■ Aim of the exercise ■
Transcribe only the lines of the listing below from the one holding "Bureaux 545 m²" through the one holding "How to Avoid", inclusive, without any change.

■ Study material ■
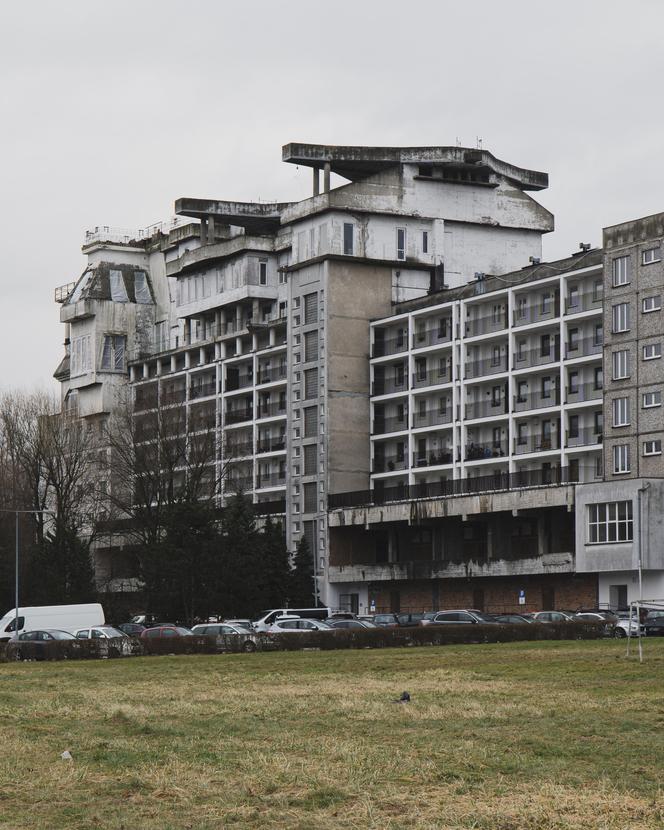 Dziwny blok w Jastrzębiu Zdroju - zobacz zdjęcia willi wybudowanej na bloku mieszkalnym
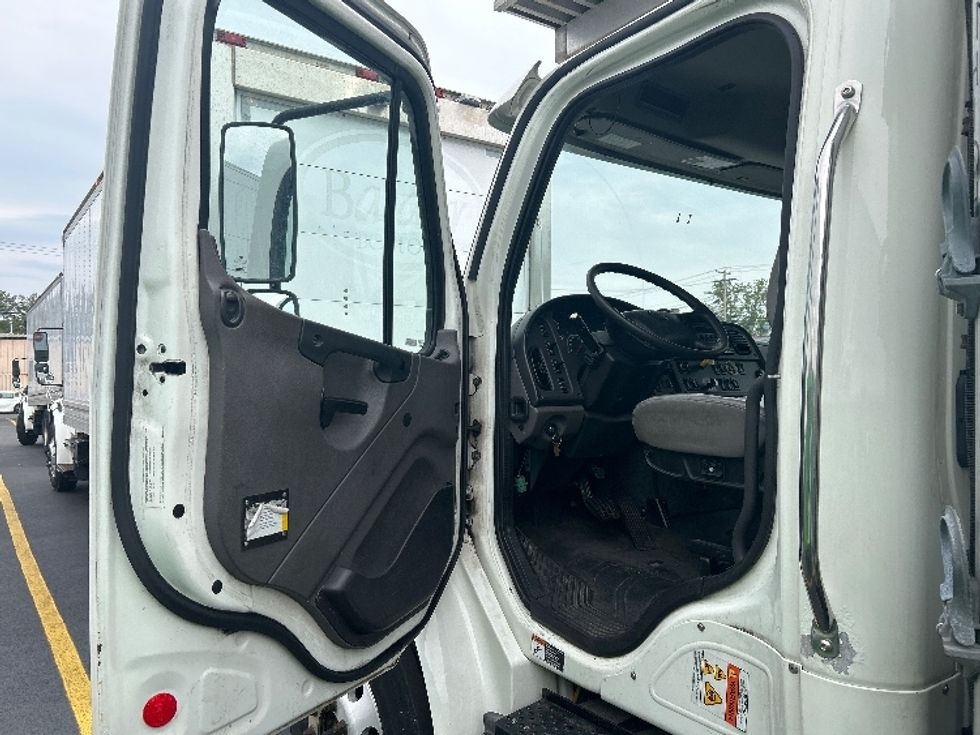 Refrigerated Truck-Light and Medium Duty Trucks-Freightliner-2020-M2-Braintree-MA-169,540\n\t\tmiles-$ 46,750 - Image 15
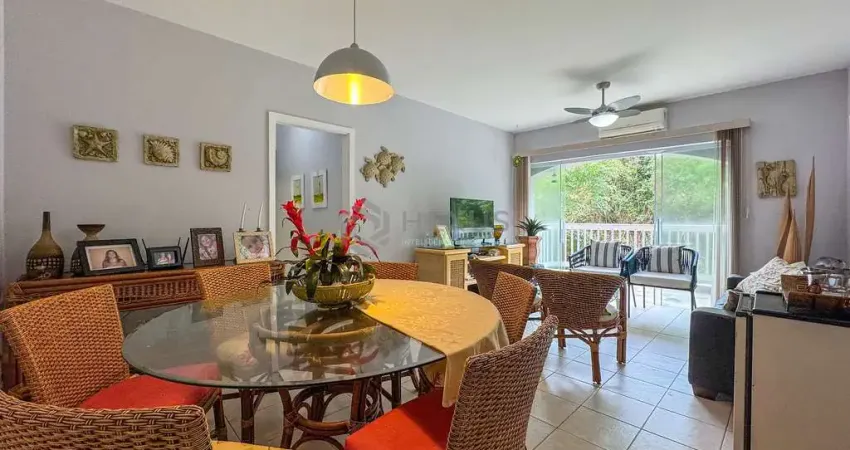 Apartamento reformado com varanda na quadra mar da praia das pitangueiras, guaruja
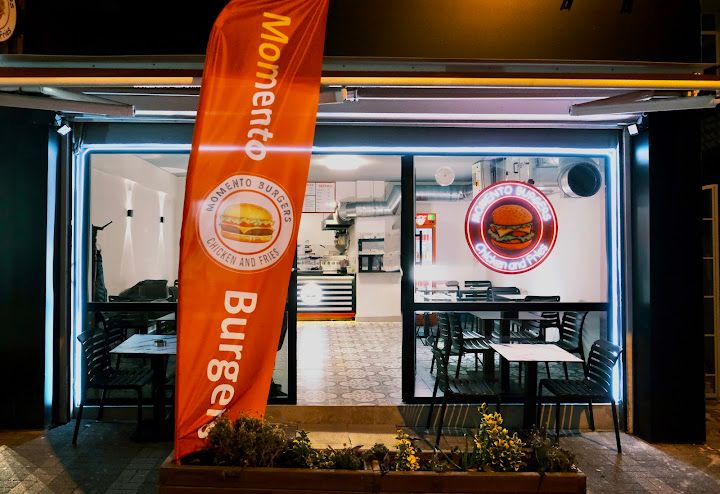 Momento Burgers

==

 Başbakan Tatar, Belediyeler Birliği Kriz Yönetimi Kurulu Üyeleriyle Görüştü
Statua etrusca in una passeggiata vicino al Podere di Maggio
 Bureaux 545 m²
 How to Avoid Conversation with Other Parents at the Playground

...

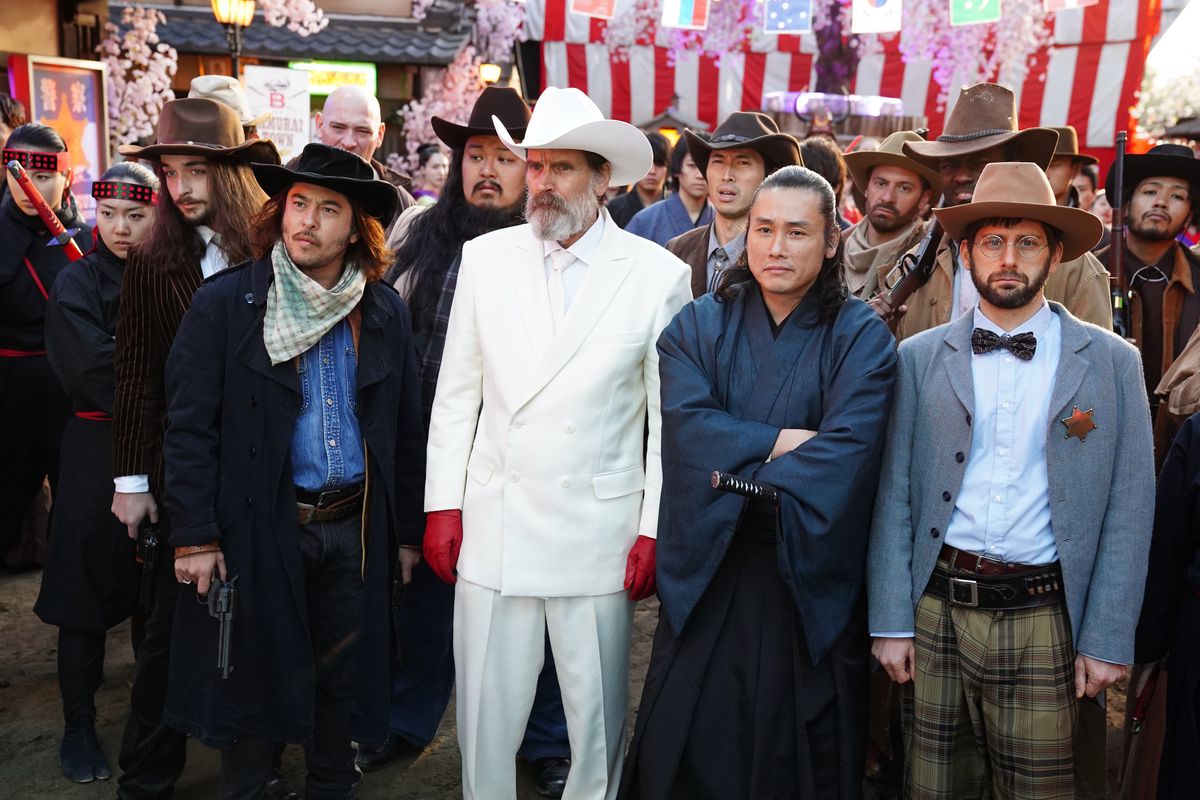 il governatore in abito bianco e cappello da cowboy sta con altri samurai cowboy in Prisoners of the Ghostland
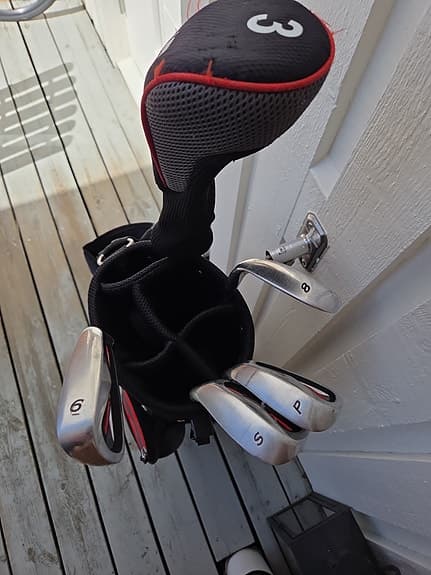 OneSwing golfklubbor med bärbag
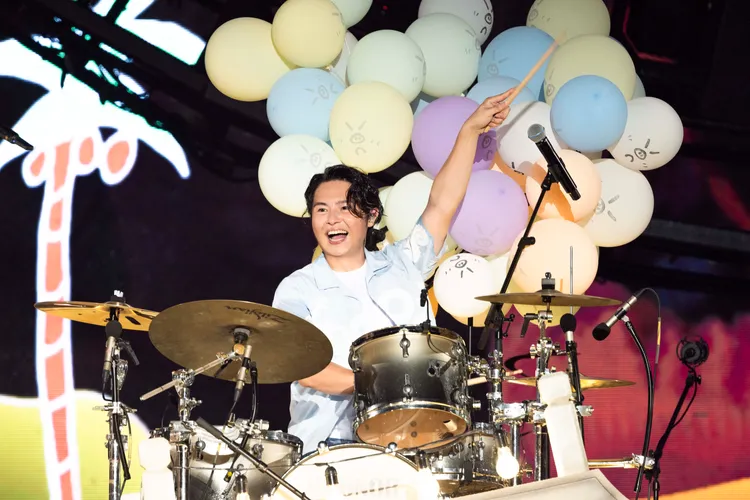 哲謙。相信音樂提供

■ Answer space ■
 Bureaux 545 m²
 How to Avoid Conversation with Other Parents at the Playground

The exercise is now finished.